__Dataset excerpt__.

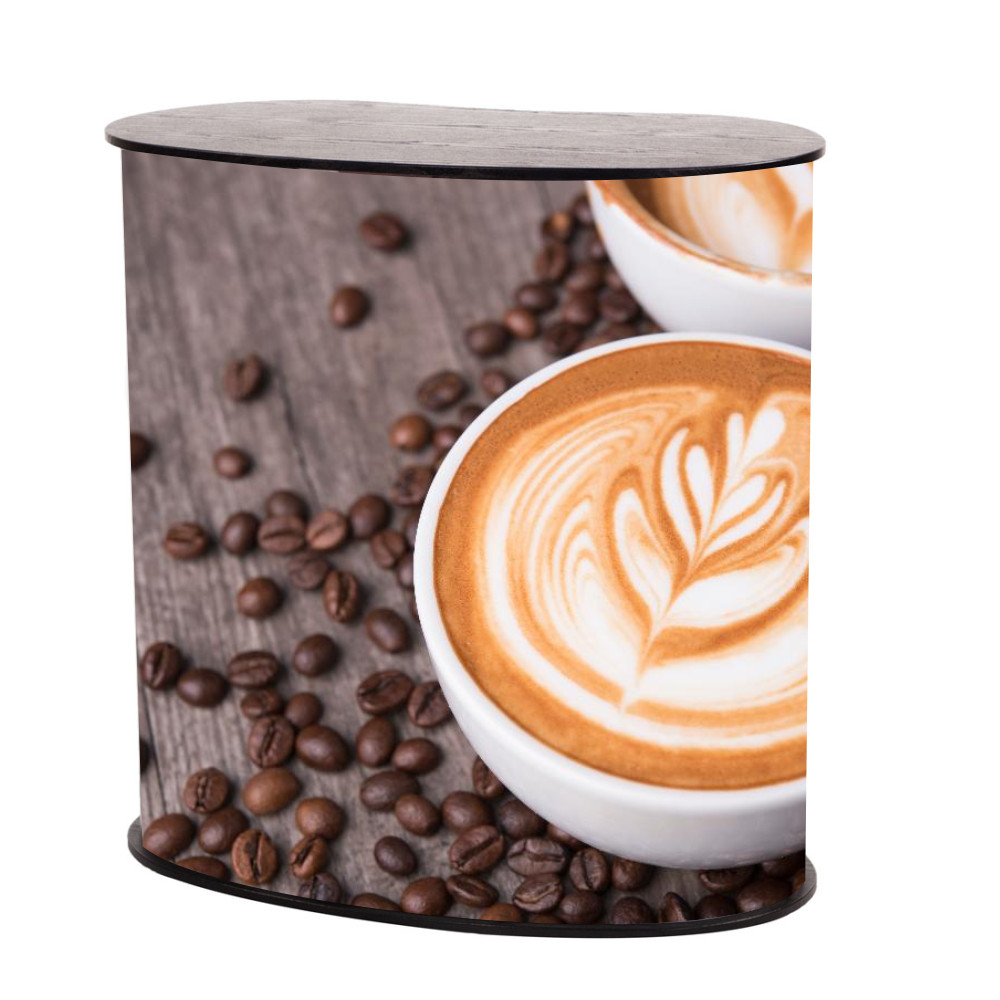 Banchetto promozionale curvo in pvc completo di stampa
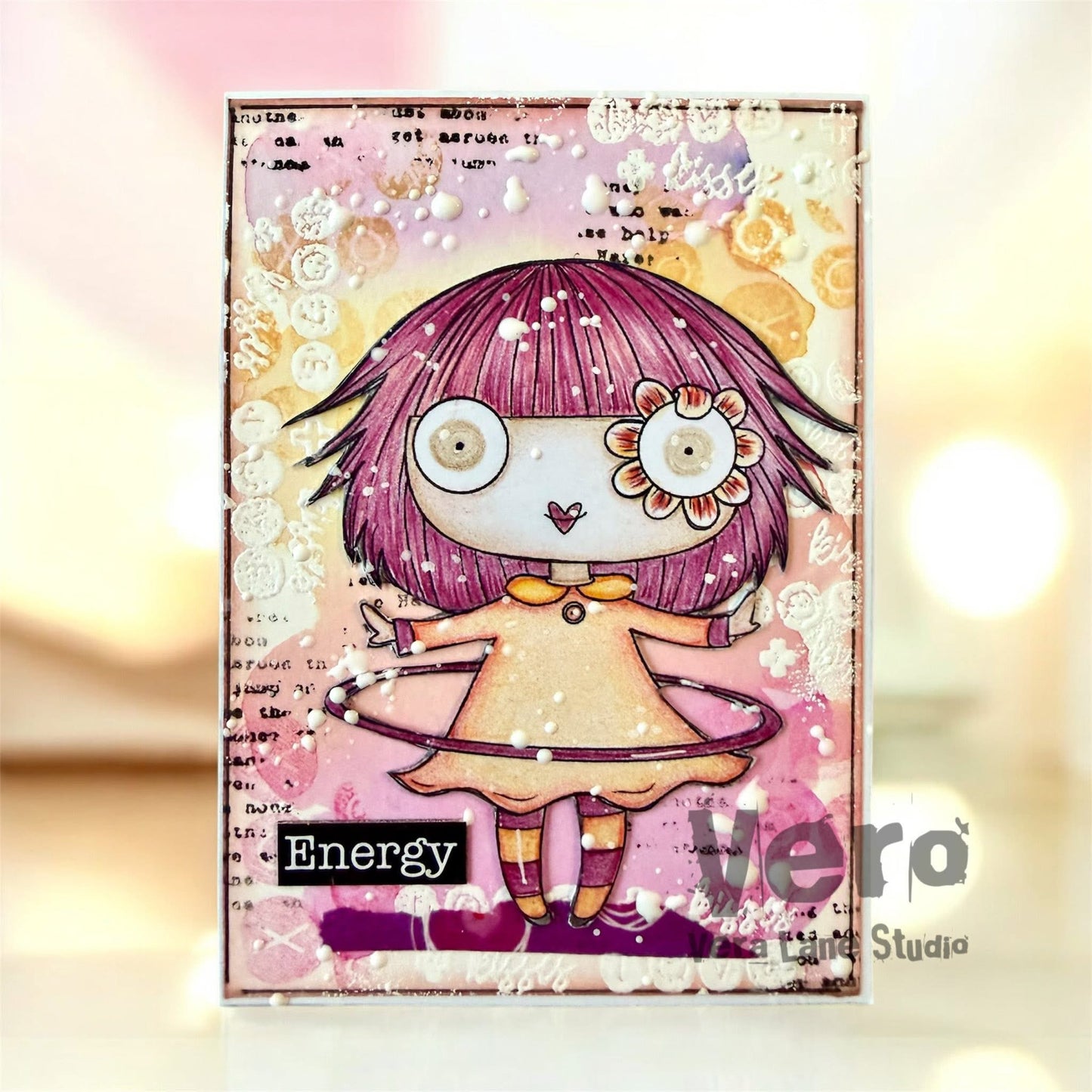 Hoopdance - 5 digital stamp card kit with colored backgrounds
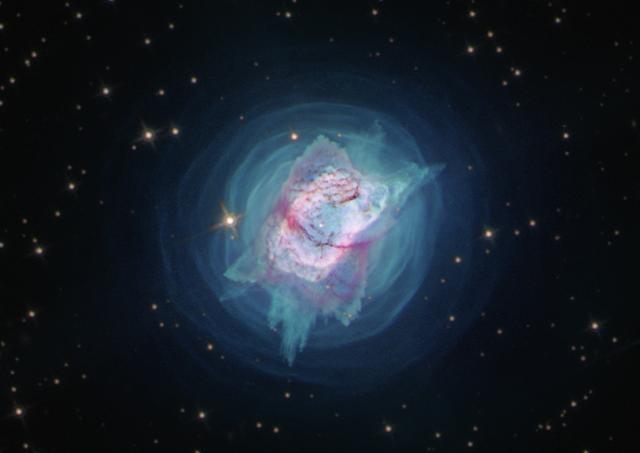 Recently, NGC 7027’s central star was identified in a new wavelength of light — near-ultraviolet — for the first time by using Hubble’s unique capabilities. The near-ultraviolet observations will help reveal how much dust obscures the star and how hot the star really is. (NASA) Recently, NGC 7027’s central star was identified in a new wavelength of light — near-ultraviolet — for the first time by using Hubble’s unique capabilities. The near-ultraviolet observations will help reveal how much dust obscures the star and how hot the star really is. (NASA)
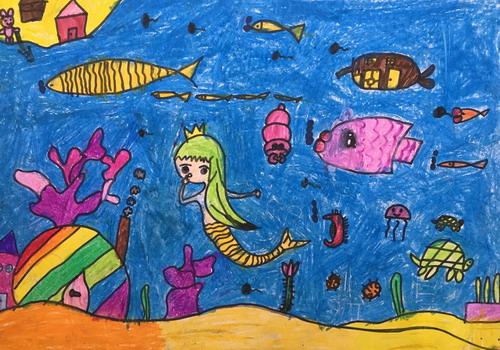 豌豆游乐场三年级儿童画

__Task brief__.
Give back the data verbatim. The pictures are not part of the copy.

__Exercise response__.
 Banchetto promozionale curvo in pvc completo di stampa
 Hoopdance - 5 digital stamp card kit with colored backgrounds
 Recently, NGC 7027’s central star was identified in a new wavelength of light — near-ultraviolet — for the first time by using Hubble’s unique capabilities. The near-ultraviolet observations will help reveal how much dust obscures the star and how hot the star really is. (NASA) Recently, NGC 7027’s central star was identified in a new wavelength of light — near-ultraviolet — for the first time by using Hubble’s unique capabilities. The near-ultraviolet observations will help reveal how much dust obscures the star and how hot the star really is. (NASA)
 豌豆游乐场三年级儿童画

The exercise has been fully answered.